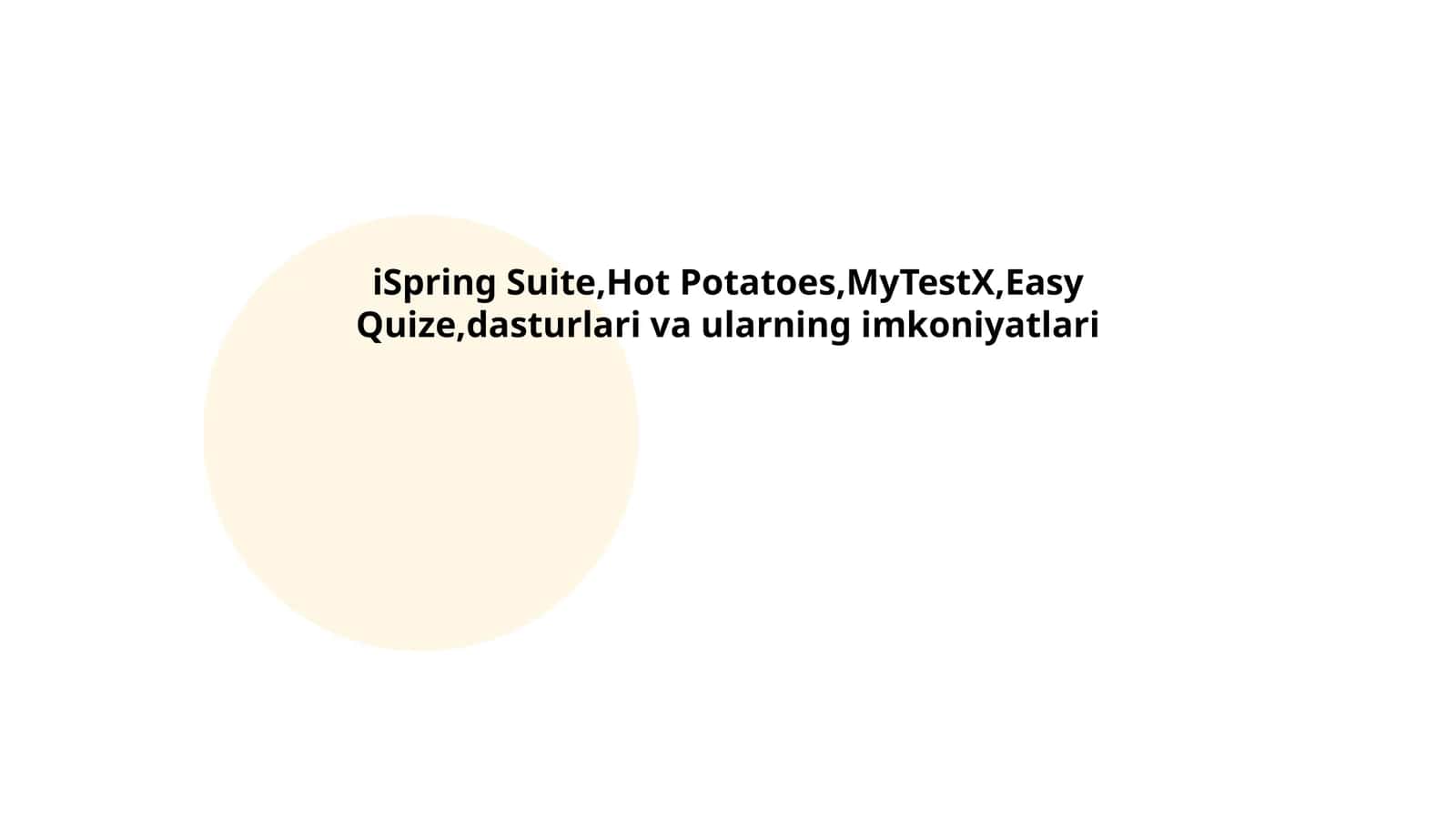 iSpring Suite 1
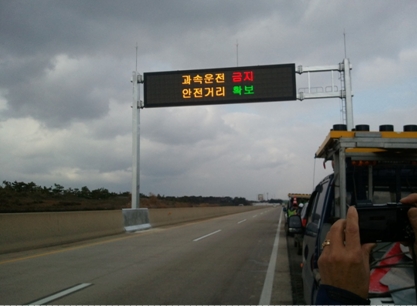 대한민국상이군경회 ITS사업소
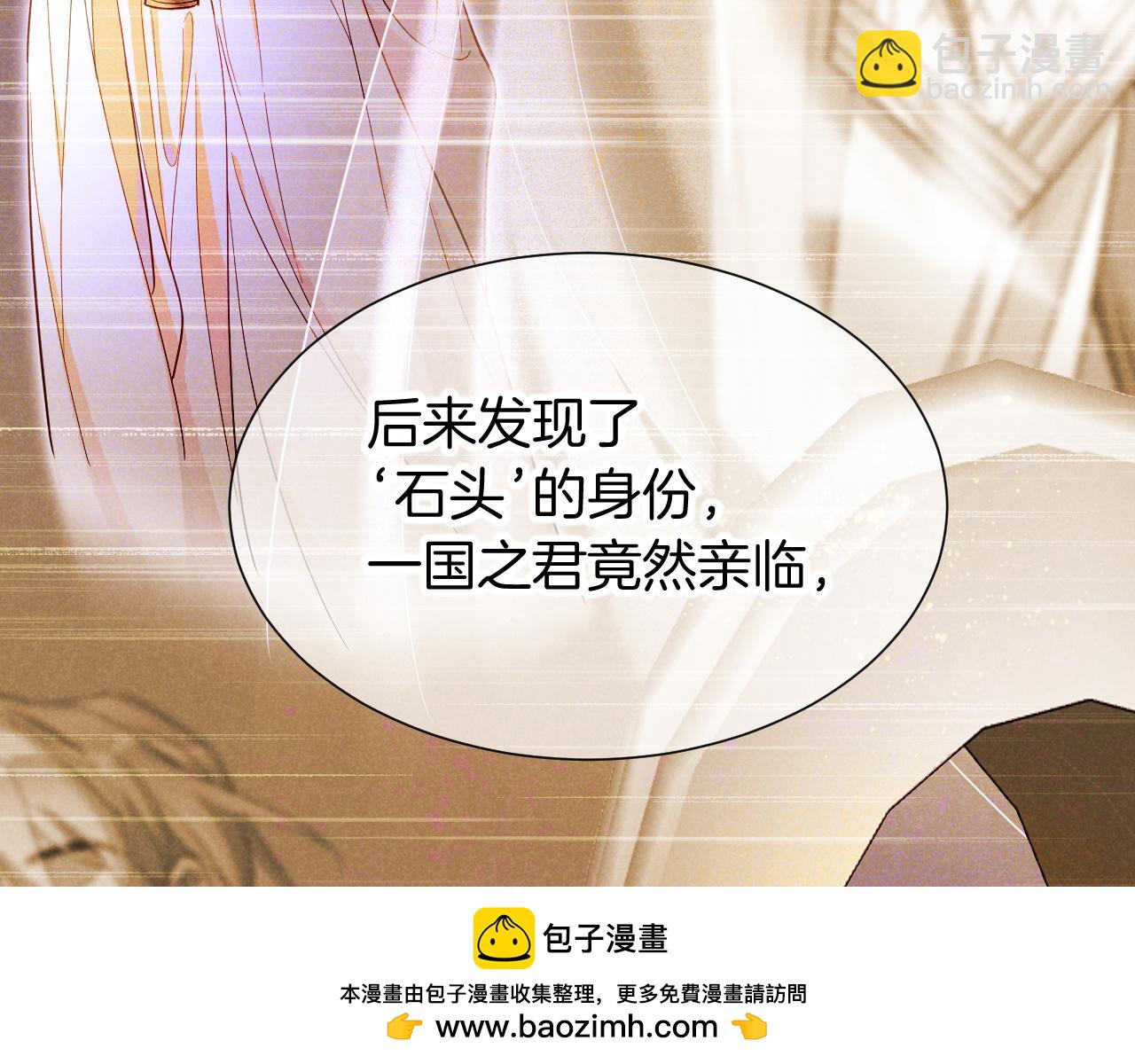 再見，我的國王 - 第81話 鬣狗的願望(2/3) - 8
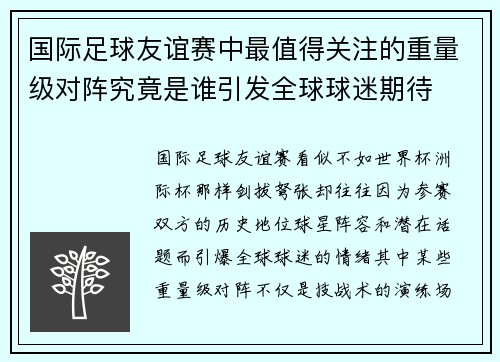 国际足球友谊赛中最值得关注的重量级对阵究竟是谁引发全球球迷期待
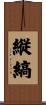 縦縞 Scroll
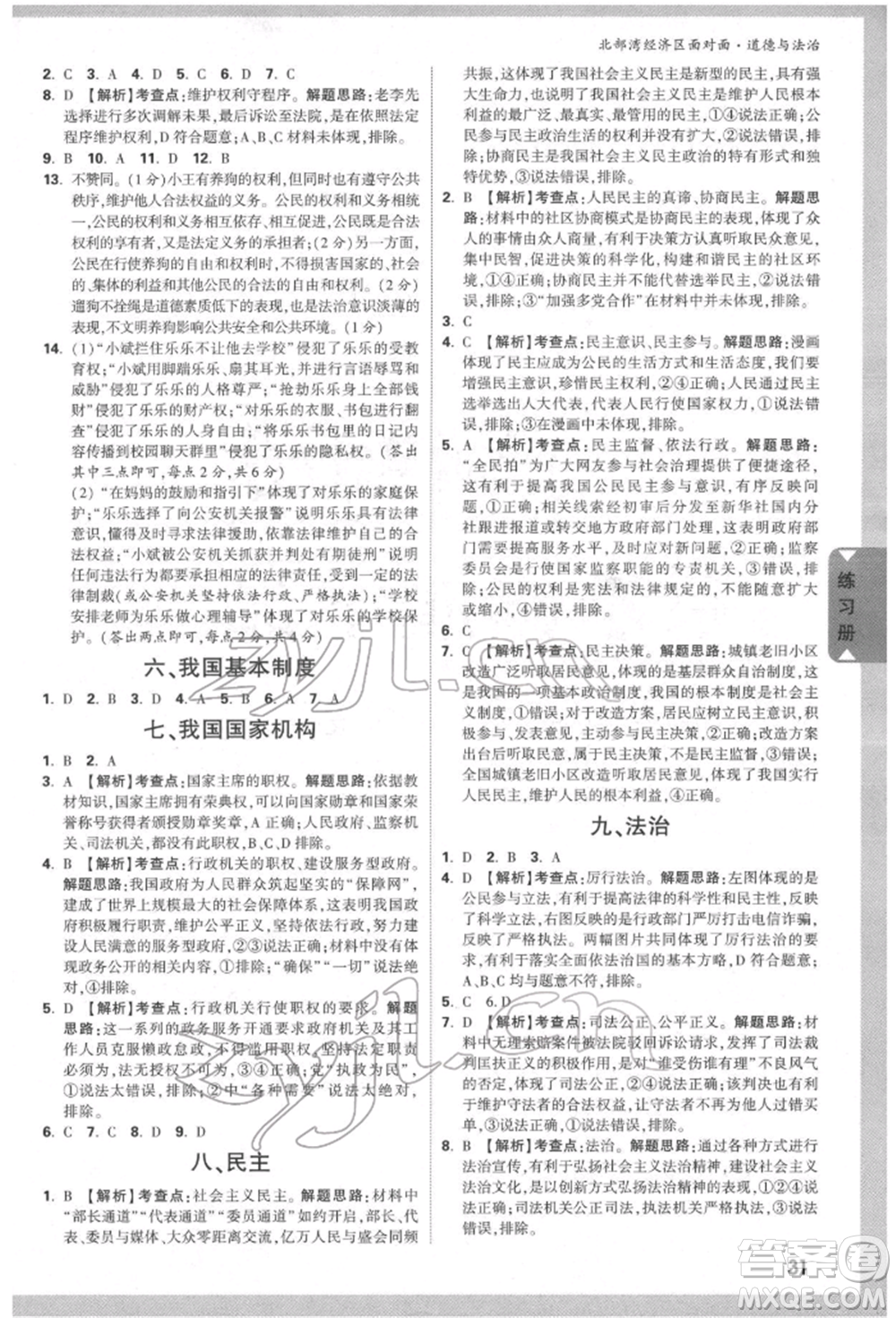 新疆青少年出版社2022中考面對(duì)面九年級(jí)道德與法治通用版北部灣經(jīng)濟(jì)區(qū)專(zhuān)版參考答案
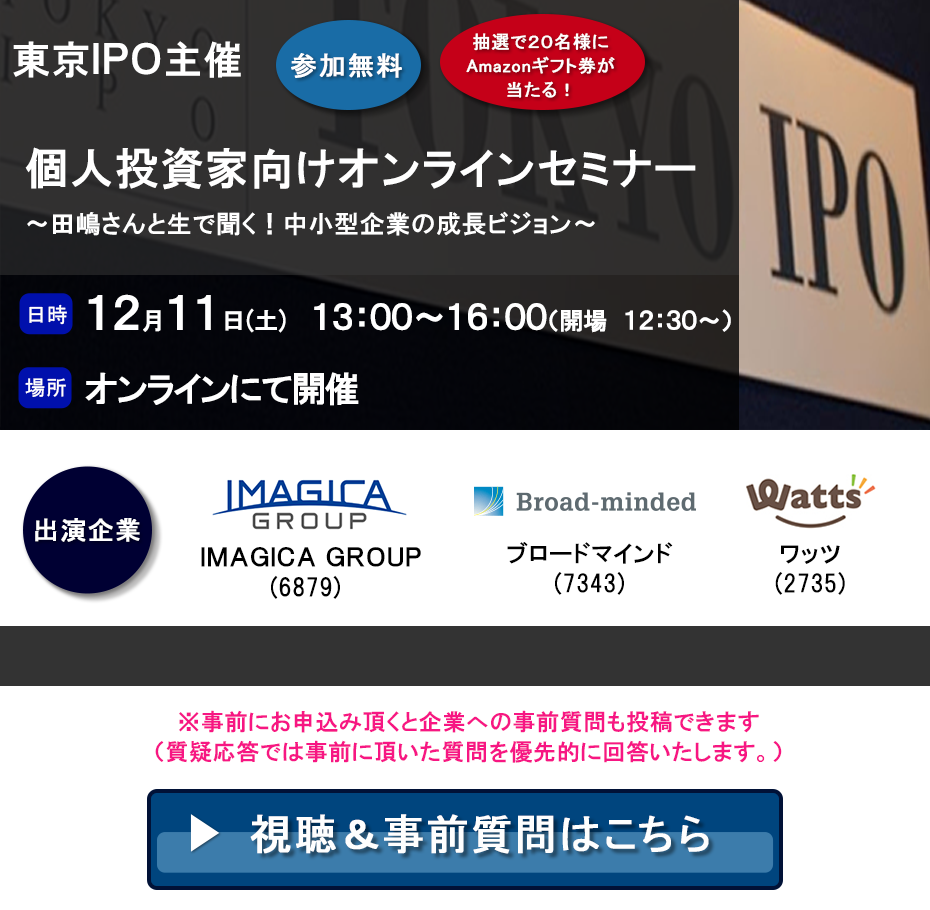 東京IPO オンラインIRセミナー 2021年12月11日開催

- What the exercise asks: The lines from the one containing "再見，我的國王 - 第81話 鬣狗的願望(2/3) - 8" through the last line above are to be repeated exactly, and only those. Any pictures must be left out.

- Solution for this problem:
 再見，我的國王 - 第81話 鬣狗的願望(2/3) - 8
 国际足球友谊赛中最值得关注的重量级对阵究竟是谁引发全球球迷期待
 縦縞 Scroll
 新疆青少年出版社2022中考面對(duì)面九年級(jí)道德與法治通用版北部灣經(jīng)濟(jì)區(qū)專(zhuān)版參考答案
 東京IPO オンラインIRセミナー 2021年12月11日開催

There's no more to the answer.